An Open Letter to Enfield Council
As a deaf journalist (Stephen) and a deaf counsellor (Pauline) living in Enfield, we write urgently to ask you as council leader to reconsider your imminent funding cut to a lifeline for some of the borough's most vulnerable people.
At last week's Deaf Forum meeting at Community House, attended by several of your fellow councillors, the local deaf community was caught unawares by the decision to cease funding - in just three weeks' time - of the Deaf Project's information and advice work.
When questioned at the Deaf Forum, each and every one of your six councillors present conceded that they were unaware of this decision's potentially devastating impact on local deaf British Sign Language users. Many deaf people who use British Sign Language as their first or preferred language also lack sufficient fluency in English as a second language to engage non-specialist information and advice services.
In this context, your Head of Strategy Performance and Policy Doug Wilson's proposal to outsource the service to Community Barnet is a grave risk. Community Barnet is a generic service provider that does not have specialist staff with deaf awareness or British Sign Language skills.

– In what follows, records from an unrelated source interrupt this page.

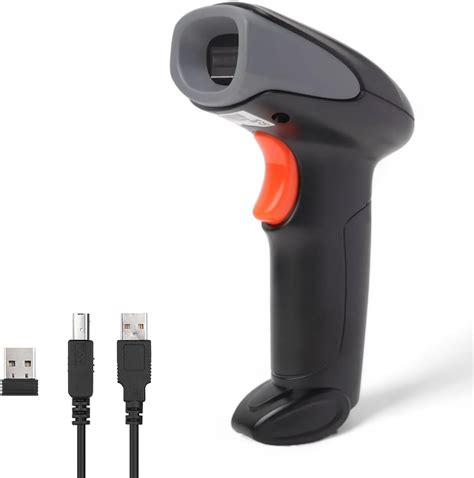 Retsol Ls Laser Barcode Scanner Bis Approved Handheld D Usb Wired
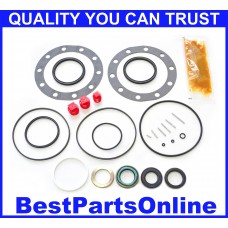 Heavy Duty Gear Repair Seal Kit for SHEPPARD 492 (Series 3, 4 & 5) Complete Gear Seal Kit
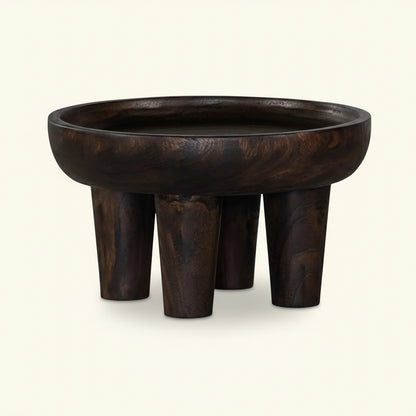 TAMALE SIDE TABLE | TRUFFLE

It does not provide an equivalent service to Enfield's Deaf Project and merely signposts enquirers to other information services (who in turn also lack these specialist skills).
Neither do the Council's website or telephone services address the issue. These are English language-based and inaccessible to those reliant on British Sign Language. Last night, many of Enfield's Deaf Project users testified to the positive impact of the information and advice service. From health to social care, financial to legal matters, the service plays a generally unacknowledged role in pre-empting individual client situations from deteriorating to crisis stage. In doing so, it effectively reduces workload on other already hard-pressed borough services.
We do empathise with the predicament that the council faces, due to central government funding cuts, and the dilemma that you face of prioritising services within a shrinking annual budget.
However, we fear that on this occasion councillors have been poorly advised. The proposed cuts will represent a false economy due to worsening of local deaf people's health and social outcomes and the resultant increased pressure on other borough services.
Indeed, Mr Wilson's proposal will potentially increase costs within the borough. If and when deaf people present to Community Barnet, or to other information and advice providers, they will only be able to access such services through the provision of sign language interpreters, working on fee-basis. And under the Equality Act, you will be legally bound to provide dramatically increased fees paid to enable sign language interpreter access - or face potential legal action for failure to do so.
In the final analysis, we fear Mr Wilson has overlooked that it is far more cost effective to maintain a specialist information and advice hub, even on a modest scale as currently provided by Enfield's Deaf Project, than to offload hidden costs onto other borough services.
We now have just three weeks before the Deaf Project's information and advice service closes. Over a decade of accumulated deaf-specific relationships and insight will be lost. May we urge you, Doug, to intervene and halt this funding cut before it is too late?